ECLI:NL:CRVB:2018:2459
Centrale Raad van Beroep
- Hoger beroep
- Rechtspraak.nl
Afwijzing aanvraag bijstandsverlening op basis van onvoldoende aannemelijkheid van woonsituatie
Op 28 december 2015 heeft appellant een aanvraag ingediend voor bijstand op basis van de Participatiewet (PW), waarbij hij aangaf te wonen bij zijn zus. Het college van burgemeester en wethouders van Den Haag heeft de aanvraag op 4 maart 2016 afgewezen, omdat appellant onvoldoende gegevens had verstrekt om zijn recht op bijstand vast te stellen. Appellant heeft bezwaar gemaakt, maar het college heeft het bezwaar ongegrond verklaard. De rechtbank Den Haag heeft de uitspraak van het college bevestigd, waarna appellant in hoger beroep ging.
De Centrale Raad van Beroep heeft de feiten en omstandigheden van de zaak onderzocht. Appellant heeft verklaard dat hij op het opgegeven adres woont, maar uit onderzoek is gebleken dat hij daar slechts een briefadres had en dat hij voornamelijk bij zijn moeder verbleef. De Raad heeft vastgesteld dat appellant niet voldoende duidelijkheid heeft verschaft over zijn woonsituatie, wat noodzakelijk is om recht op bijstand vast te stellen. De verklaringen van de zus en andere familieleden waren niet overtuigend genoeg om aan te nemen dat appellant daadwerkelijk op het opgegeven adres woonde.
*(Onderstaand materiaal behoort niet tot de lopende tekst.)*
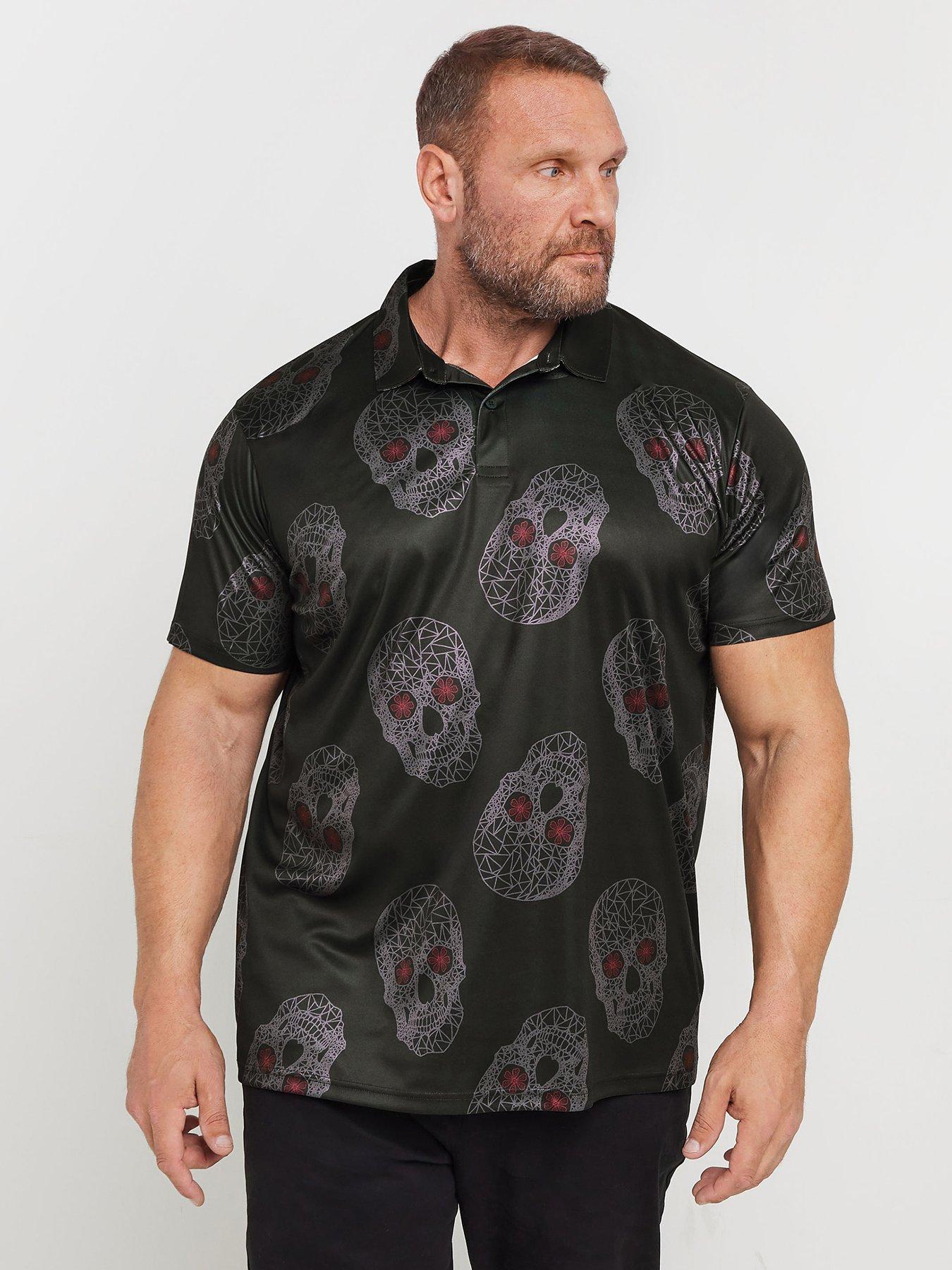 undefined Br Golf Skull Polo Shirt - Black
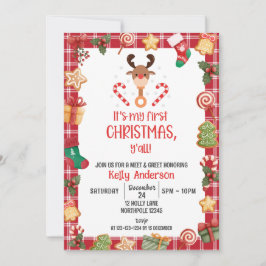 Mein erstes Weihnachten Y'all Meet and Greet Einladung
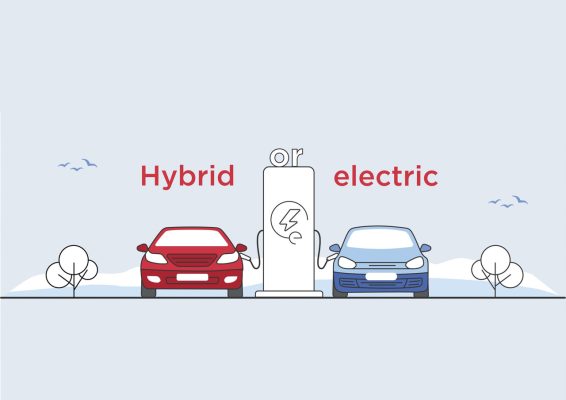 تفاوت خودروی هیبریدی با برقی
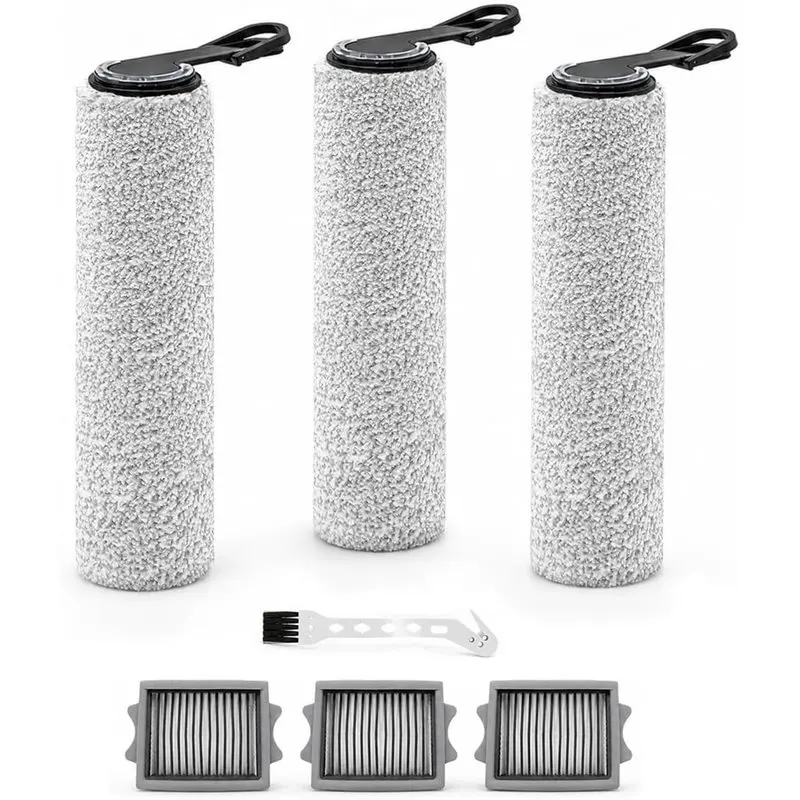 Brosse à rouleau et filtres de remplacement pour aspirateur Tineco Floor ONE, modèle A84G.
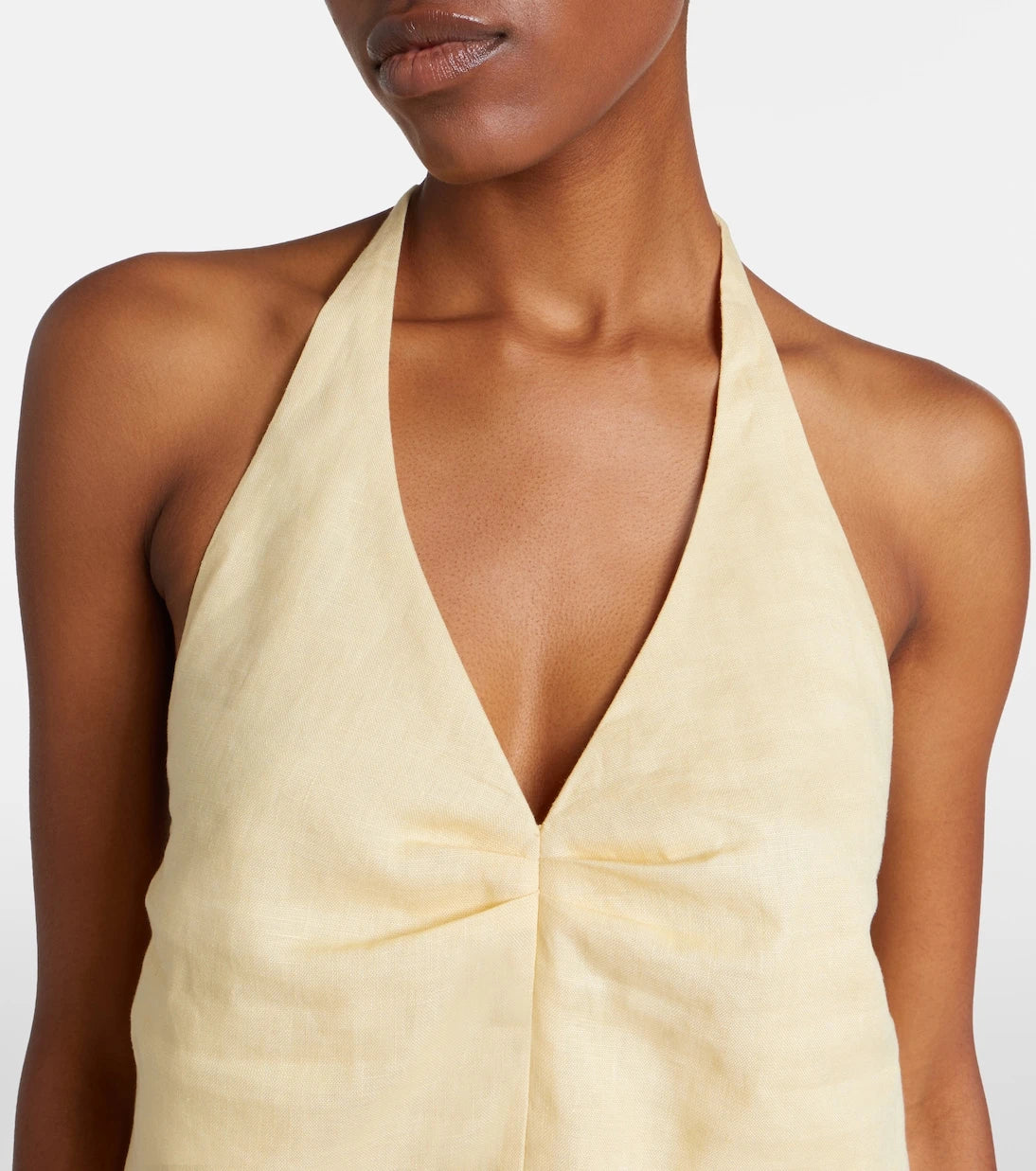 Staud - Corso halterneck linen top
De Raad heeft geconcludeerd dat de rechtbank terecht heeft overwogen dat de afwijzing van de bijstandsaanvraag door het college gerechtvaardigd was. De aangevallen uitspraak is bevestigd, en er is geen aanleiding voor een veroordeling in de proceskosten. De uitspraak is gedaan op 7 augustus 2018.